Add Australia to the list of countries cracking down on tech giants in light of rising concerns over data privacy. The Australian Competition and Consumer Commission (ACCC) has released its Digital Platforms Inquiry, a 619-page report on the ACCC’s 18-month study of the problems associated with the dominance of Facebook and Google as the preeminent “gateways for businesses seeking to reach Australian consumers.” The ACCC report contains 23 recommendations for Australian businesses, consumers, and regulators on how to protect the interest of Australians when sharing sensitive information to access services like Facebook and Google.
Since the report’s initial release, all eyes have been on Australia, with many suspecting that we’ll soon see a “GDPR with sharper teeth.” In other words, we’ll see the same privacy-protecting regulation that came out of Europe’s GDPR, but with heavier fines and penalties for non-compliance. And the first of this set of regulations is currently in the Senate waiting for a vote on the “right to delete,” modeled after GDPR’s “right to be forgotten.”
In March 2019, the federal government announced plans to increase the penalties associated with the Privacy Act. Australia’s Privacy Act was introduced in 1988 to regulate the way public and private organizations collect and use personal information. The proposed changes build on the work of the Online Safety Charter and Online Safety Research program and the Consumer Data Right (CDR).

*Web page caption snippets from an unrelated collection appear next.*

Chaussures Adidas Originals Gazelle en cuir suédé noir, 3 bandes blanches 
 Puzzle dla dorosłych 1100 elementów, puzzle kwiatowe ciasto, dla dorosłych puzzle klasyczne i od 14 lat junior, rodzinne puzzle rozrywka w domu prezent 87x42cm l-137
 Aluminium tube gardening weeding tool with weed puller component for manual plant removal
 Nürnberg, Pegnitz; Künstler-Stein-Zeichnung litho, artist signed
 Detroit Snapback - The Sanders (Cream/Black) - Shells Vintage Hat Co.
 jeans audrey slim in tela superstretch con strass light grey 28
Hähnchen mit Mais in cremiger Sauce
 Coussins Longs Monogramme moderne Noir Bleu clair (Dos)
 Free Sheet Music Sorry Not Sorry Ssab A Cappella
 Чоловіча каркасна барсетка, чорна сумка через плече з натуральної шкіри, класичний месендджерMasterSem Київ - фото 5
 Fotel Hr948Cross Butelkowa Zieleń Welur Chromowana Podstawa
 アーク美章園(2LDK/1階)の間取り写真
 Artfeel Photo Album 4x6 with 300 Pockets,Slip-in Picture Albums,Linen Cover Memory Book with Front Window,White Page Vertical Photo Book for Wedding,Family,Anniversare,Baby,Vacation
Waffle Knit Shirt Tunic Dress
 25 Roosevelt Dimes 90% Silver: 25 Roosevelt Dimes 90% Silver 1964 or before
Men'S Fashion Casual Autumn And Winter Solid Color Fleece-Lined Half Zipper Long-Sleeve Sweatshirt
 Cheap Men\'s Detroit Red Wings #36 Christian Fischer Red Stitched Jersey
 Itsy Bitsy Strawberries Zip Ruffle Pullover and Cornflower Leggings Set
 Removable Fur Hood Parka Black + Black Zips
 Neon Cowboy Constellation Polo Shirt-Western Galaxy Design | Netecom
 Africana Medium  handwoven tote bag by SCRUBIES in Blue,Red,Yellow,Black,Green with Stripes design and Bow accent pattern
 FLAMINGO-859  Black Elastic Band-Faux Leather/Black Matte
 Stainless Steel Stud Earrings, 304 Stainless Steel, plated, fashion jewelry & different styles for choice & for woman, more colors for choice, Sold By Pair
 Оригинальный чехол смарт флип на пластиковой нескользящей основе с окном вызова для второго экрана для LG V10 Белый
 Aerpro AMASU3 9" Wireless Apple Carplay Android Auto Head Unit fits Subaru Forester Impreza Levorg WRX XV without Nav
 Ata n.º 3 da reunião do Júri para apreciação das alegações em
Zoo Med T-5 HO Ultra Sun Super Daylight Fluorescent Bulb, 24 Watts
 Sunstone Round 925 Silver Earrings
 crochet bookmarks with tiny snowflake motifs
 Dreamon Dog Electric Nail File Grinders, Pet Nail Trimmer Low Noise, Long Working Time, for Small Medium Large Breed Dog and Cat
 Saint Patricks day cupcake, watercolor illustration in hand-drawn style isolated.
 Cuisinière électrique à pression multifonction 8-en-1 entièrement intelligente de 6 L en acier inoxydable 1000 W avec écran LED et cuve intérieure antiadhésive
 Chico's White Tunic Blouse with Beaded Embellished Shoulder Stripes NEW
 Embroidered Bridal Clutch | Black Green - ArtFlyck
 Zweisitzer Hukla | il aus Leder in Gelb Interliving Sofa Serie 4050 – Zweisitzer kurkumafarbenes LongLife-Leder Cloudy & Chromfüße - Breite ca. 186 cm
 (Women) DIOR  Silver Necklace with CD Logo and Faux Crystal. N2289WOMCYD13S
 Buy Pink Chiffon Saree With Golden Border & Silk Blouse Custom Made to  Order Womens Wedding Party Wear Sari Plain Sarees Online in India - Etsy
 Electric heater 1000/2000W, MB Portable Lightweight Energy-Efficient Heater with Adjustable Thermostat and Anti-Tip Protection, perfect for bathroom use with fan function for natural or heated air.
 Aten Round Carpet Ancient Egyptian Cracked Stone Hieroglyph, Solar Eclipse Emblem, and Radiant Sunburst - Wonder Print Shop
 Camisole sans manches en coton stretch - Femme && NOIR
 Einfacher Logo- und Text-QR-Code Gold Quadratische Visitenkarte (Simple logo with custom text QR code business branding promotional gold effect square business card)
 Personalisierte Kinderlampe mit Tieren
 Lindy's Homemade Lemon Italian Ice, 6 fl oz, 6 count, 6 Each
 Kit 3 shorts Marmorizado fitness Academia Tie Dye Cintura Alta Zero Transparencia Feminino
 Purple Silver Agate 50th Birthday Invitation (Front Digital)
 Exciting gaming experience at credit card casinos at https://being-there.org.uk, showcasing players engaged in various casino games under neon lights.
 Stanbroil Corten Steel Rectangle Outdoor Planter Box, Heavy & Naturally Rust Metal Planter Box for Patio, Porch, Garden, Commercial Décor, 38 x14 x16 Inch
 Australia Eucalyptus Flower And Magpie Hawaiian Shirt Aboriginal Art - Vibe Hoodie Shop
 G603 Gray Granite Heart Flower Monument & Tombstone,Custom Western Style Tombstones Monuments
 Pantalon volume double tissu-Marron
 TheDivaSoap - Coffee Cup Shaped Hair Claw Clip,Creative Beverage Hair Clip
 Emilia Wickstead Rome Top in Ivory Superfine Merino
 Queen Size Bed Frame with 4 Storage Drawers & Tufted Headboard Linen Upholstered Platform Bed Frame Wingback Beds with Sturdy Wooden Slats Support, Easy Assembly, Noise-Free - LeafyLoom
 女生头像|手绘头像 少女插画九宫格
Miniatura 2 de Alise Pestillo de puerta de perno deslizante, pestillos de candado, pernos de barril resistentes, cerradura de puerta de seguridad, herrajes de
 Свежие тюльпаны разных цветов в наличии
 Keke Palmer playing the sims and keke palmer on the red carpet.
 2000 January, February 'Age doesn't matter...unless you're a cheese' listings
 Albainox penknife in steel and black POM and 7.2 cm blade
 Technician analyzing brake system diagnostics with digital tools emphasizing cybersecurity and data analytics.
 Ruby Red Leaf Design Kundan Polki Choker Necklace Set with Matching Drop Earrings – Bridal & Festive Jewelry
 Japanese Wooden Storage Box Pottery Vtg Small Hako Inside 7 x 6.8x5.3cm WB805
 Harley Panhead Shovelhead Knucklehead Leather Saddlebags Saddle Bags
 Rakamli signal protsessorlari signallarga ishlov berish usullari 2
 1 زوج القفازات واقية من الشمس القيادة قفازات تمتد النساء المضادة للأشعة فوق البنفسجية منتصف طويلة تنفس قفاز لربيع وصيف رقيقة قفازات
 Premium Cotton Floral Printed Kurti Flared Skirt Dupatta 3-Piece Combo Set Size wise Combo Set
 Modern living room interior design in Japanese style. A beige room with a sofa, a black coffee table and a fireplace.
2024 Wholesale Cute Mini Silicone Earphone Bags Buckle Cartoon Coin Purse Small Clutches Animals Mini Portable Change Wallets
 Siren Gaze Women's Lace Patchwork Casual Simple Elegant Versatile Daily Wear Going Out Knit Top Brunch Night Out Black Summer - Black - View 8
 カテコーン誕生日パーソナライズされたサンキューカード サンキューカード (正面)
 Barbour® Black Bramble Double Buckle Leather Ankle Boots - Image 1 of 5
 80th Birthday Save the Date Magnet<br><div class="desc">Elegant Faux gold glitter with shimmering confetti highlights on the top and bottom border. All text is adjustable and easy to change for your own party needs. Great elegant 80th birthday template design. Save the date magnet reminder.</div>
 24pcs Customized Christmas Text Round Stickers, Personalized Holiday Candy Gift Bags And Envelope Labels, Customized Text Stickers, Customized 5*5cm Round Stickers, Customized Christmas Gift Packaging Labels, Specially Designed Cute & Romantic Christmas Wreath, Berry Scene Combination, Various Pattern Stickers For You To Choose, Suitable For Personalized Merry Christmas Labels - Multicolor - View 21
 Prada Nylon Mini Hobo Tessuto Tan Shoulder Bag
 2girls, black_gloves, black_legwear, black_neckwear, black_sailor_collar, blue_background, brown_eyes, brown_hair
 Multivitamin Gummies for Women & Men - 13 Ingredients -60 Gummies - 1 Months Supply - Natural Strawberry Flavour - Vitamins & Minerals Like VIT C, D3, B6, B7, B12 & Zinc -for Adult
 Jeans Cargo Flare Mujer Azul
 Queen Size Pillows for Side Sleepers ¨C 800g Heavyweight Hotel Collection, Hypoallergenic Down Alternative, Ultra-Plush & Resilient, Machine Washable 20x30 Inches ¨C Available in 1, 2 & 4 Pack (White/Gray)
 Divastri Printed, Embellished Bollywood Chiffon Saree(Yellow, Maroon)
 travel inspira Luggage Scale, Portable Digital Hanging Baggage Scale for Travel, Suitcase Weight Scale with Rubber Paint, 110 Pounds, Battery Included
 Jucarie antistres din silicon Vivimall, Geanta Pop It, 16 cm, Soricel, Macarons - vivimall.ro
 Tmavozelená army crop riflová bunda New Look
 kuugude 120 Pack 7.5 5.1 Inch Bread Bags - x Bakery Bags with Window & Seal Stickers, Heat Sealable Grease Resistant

Proposed changes to the Privacy Act include:
- Updating the definition of “personal information” to include all of the technical and web data that relates to people and requiring explicit notification and consent for the collection of personal data.
- Enabling Australians to request that online platforms stop the use or disclosure of their data.
- Raising the maximum penalty for repeat or serious offenders from AU$2.1 million to the largest of the following sums:
- AU$10 million
- Three times the value of any benefit obtained through the misuse of information
- 10% of a company’s annual Australian turnover (revenue)
- Tasking the Office of the Australian Information Commissioner (OAIC) with issuing new penalties of up to AU$63,000 for corporate bodies and AU$12,600 for individuals, publishing public notice of breaches, and ensuring that breaches receive third-party reviews.
- Developing a Privacy Code of Practice to provide guidance on how companies should disclose their data practices.
A poll of Australian voters conducted by The Guardian earlier this month found broad support for greater oversight of large tech platforms. 80% express concerns about how Facebook and Google collect personal information, and 75% believe social networks need additional regulation.
Other recommendations in the report include greater transparency in online advertising markets, better policing of anti-competitive conduct, and making efforts to improve digital literacy in schools and the greater community. If adopted, the changes proposed by ACCC could be viewed as Australia’s version of the GDPR requirements enacted in Europe. GDPR governs data privacy and is famous for introducing “the right to be forgotten” as a cornerstone of effective regulations on data.
What this all means
The government will need time to assess the ACCC’s recommendations but has signaled its support for the creation of a special branch of the ACCC to oversee the use of algorithms designed to match users with advertisements. As explained by Attorney-General Christian Porter,
“This penalty and enforcement regime will be backed by legislative amendments which will result in a code for social media and online platforms which trade in personal information. The code will require these companies to be more transparent about any data sharing and requiring more specific consent of users when they collect, use and disclose personal information.”
Companies have started to recognize privacy and consent as the new normal—asking forgiveness instead of permission when data breaches reveal the misuse of customers’ personal information will no longer fly. Fortunately, Australian businesses and regulators will be able to use the adoption of GDPR in Europe as a model for implementation. Much has been written about the difficulty in bringing legacy systems for data management into compliance with GDPR by the prescribed deadlines.
In reflecting on the implementation of GDPR, an article from the legal blog of Hunton Andrews Kurth offers guidance to both businesses and regulators. Companies faced difficulty understanding their obligations with regard to emerging technologies, like artificial intelligence and machine learning, and how to deal with different customers in different jurisdictions covered by GDPR. Raising awareness around privacy and incorporating it into company culture has also been an important concern. Security procedures don’t mean much if employees commonly ignore them in favor of simple conveniences.
Consideration also needs to be given to ensure that businesses with large numbers of employees and/or customers get the time and flexibility needed to bring their systems into compliance. Regulators should prepare for a flood of complaints as consumers take advantage of their newfound power to hold companies accountable for misused data. Between the recommendations from the ACCC and reflections on the implementation of GDPR, Australian regulators should be able to develop a plan that suits the unique needs of Australians.